---- RAW DATA
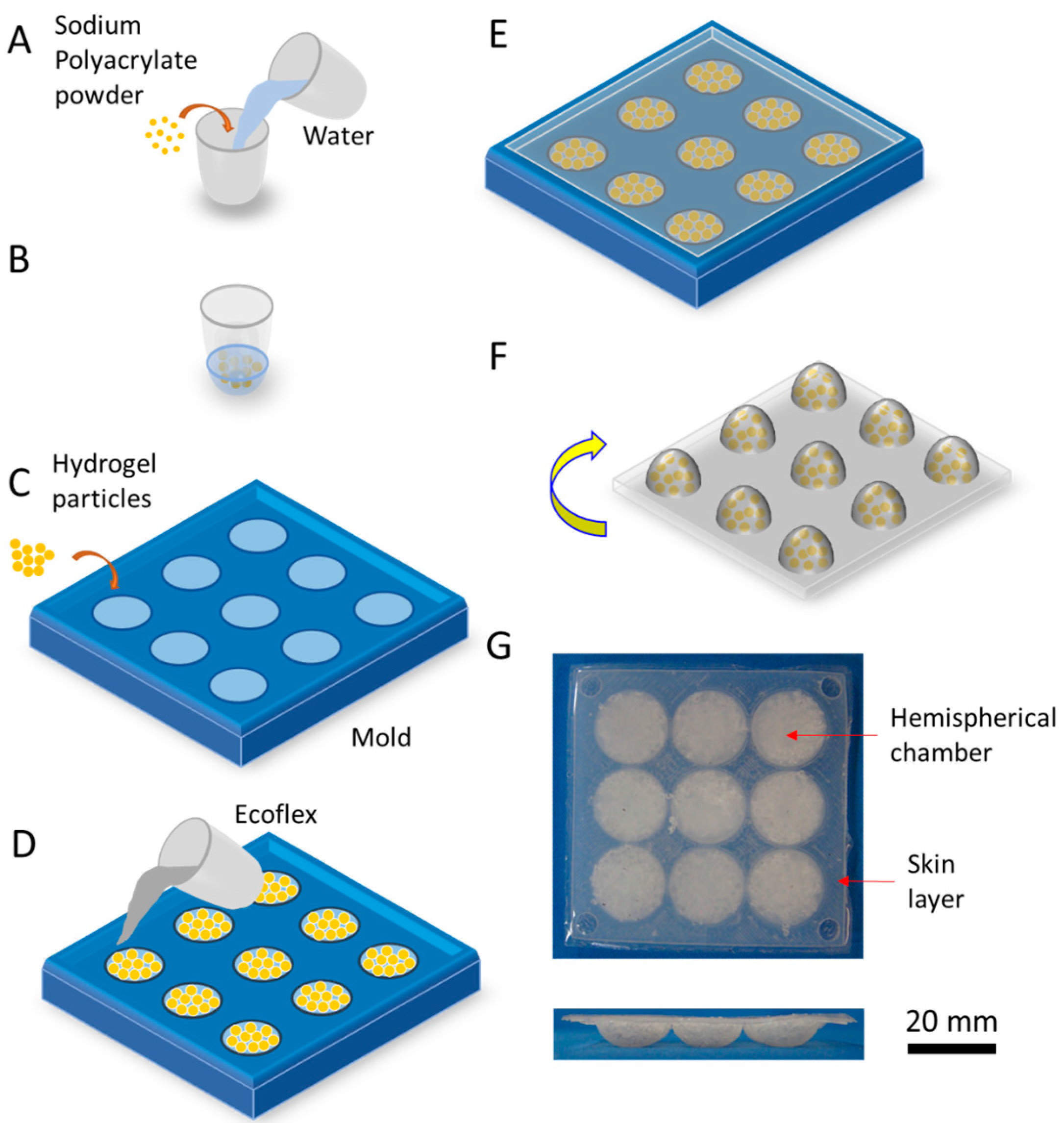Micromachines 08 00356 g002
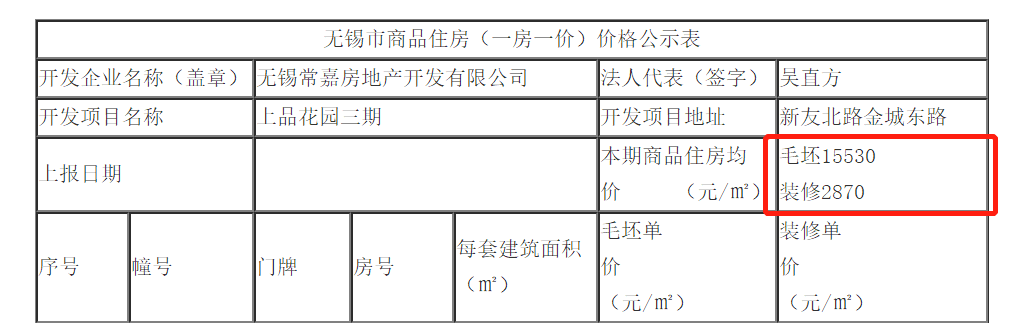 和上一批房源相比,这批房源最大的区别是带装修,其中 装修价格2870元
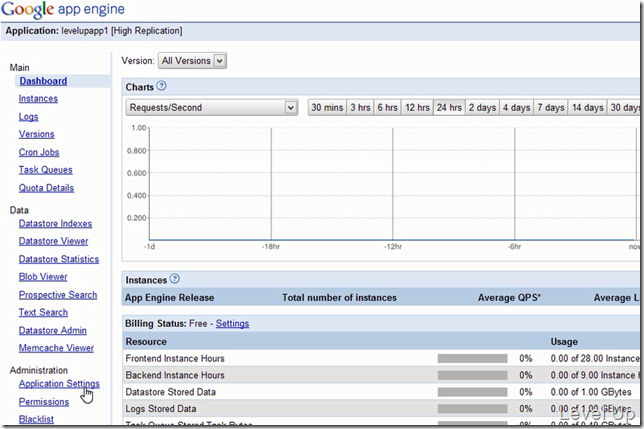 Google App Engine 1.8.2 New Feature - Push-to-Deploy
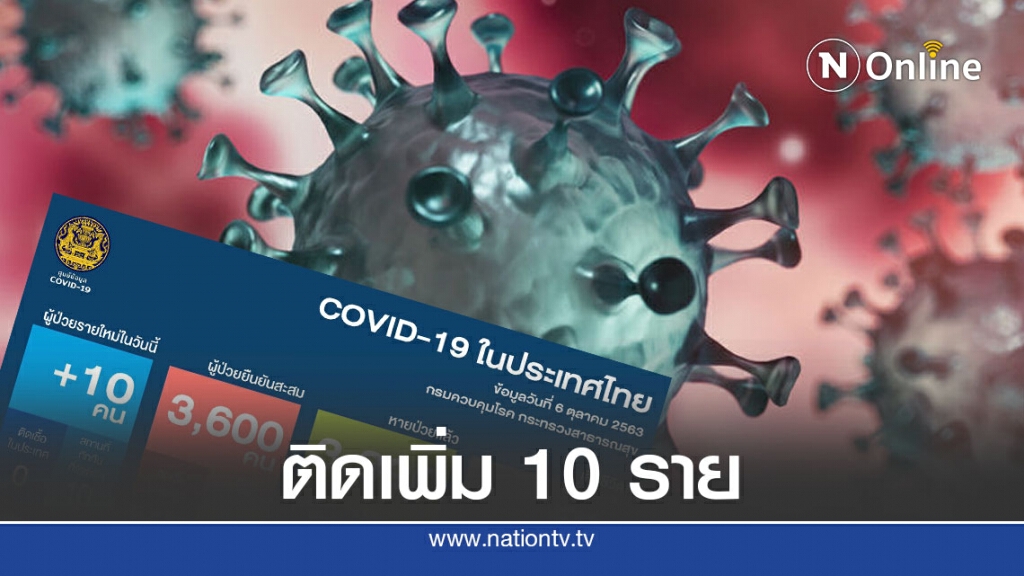ศบค.เผยไทยพบติดเชื้อเพิ่ม 10 รายมาจากต่างประเทศ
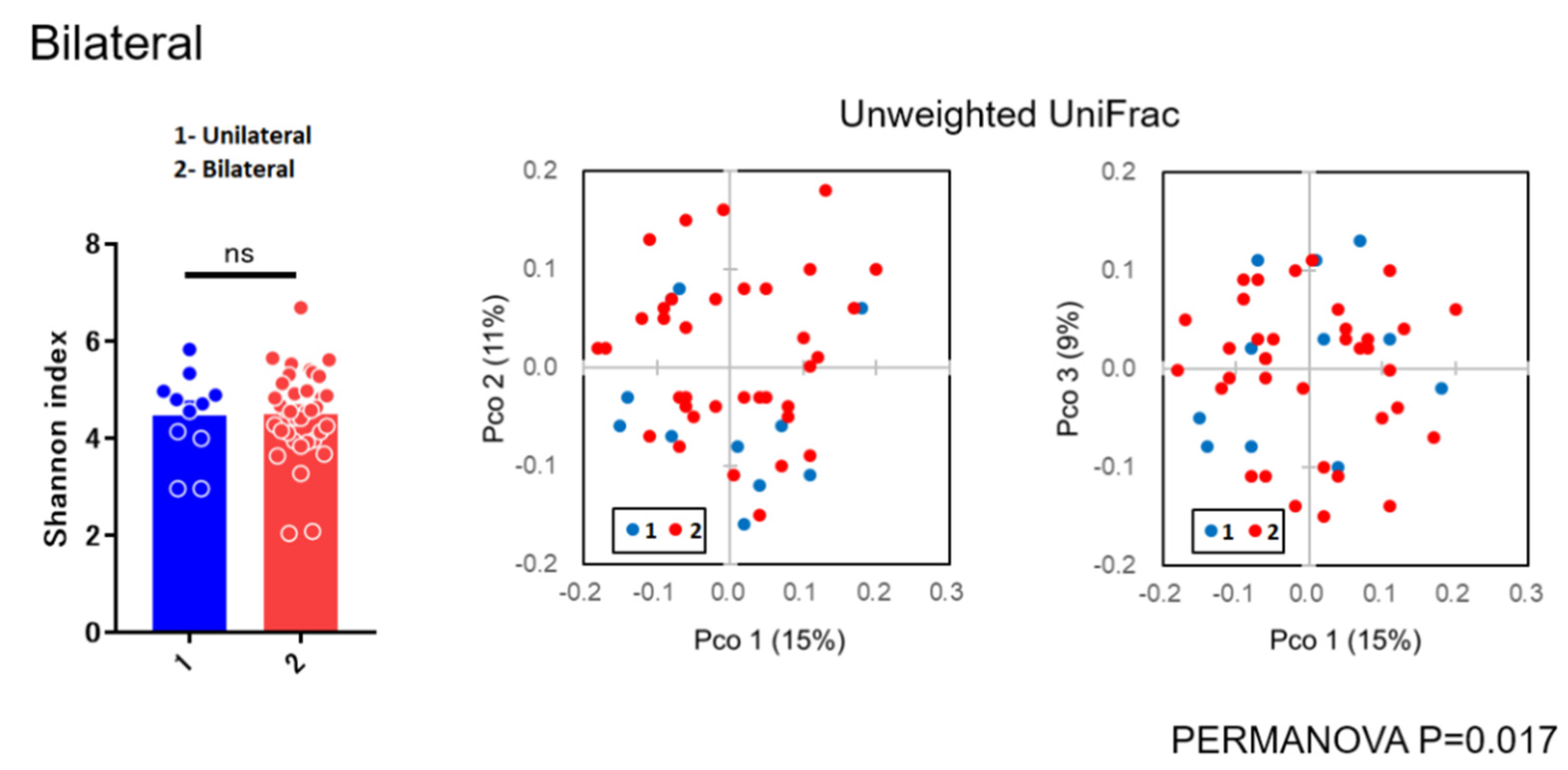 Microorganisms 09 02095 g003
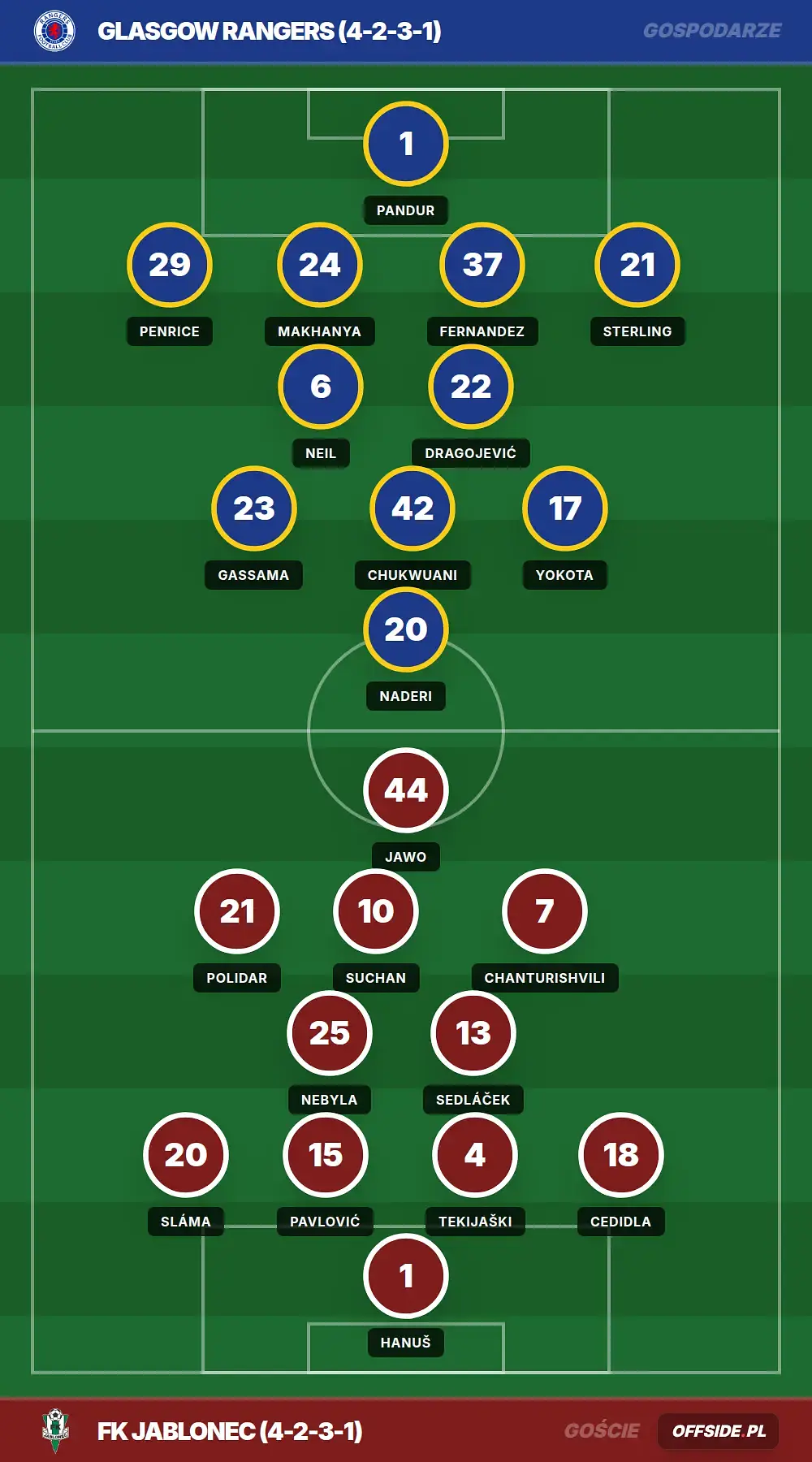 Grafika Offside.pl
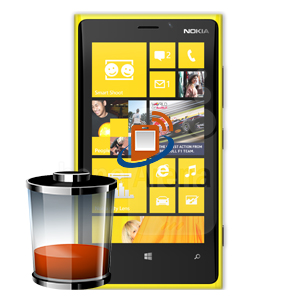 Nokia Lumia 920 Battery Replacement
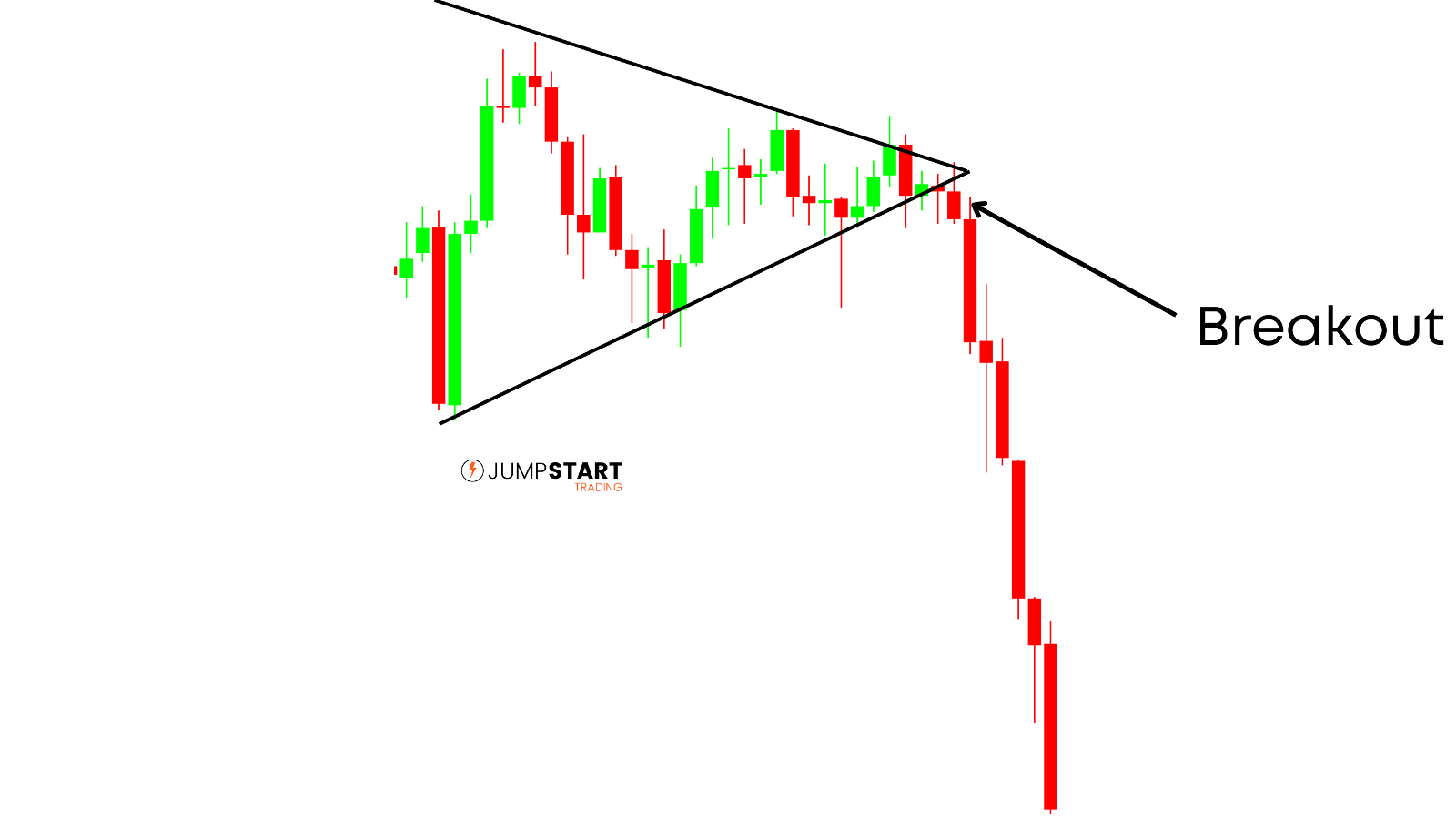 Price consolidating into symmetrical triangle then breaking out to the downside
--------
AIM OF THE EXERCISE
Take every record and copy it word for word, dropping the pictures.

EXPECTED ANSWER
Micromachines 08 00356 g002
 和上一批房源相比,这批房源最大的区别是带装修,其中 装修价格2870元
 Google App Engine 1.8.2 New Feature - Push-to-Deploy
ศบค.เผยไทยพบติดเชื้อเพิ่ม 10 รายมาจากต่างประเทศ
 Microorganisms 09 02095 g003
 Grafika Offside.pl
 Nokia Lumia 920 Battery Replacement
 Price consolidating into symmetrical triangle then breaking out to the downside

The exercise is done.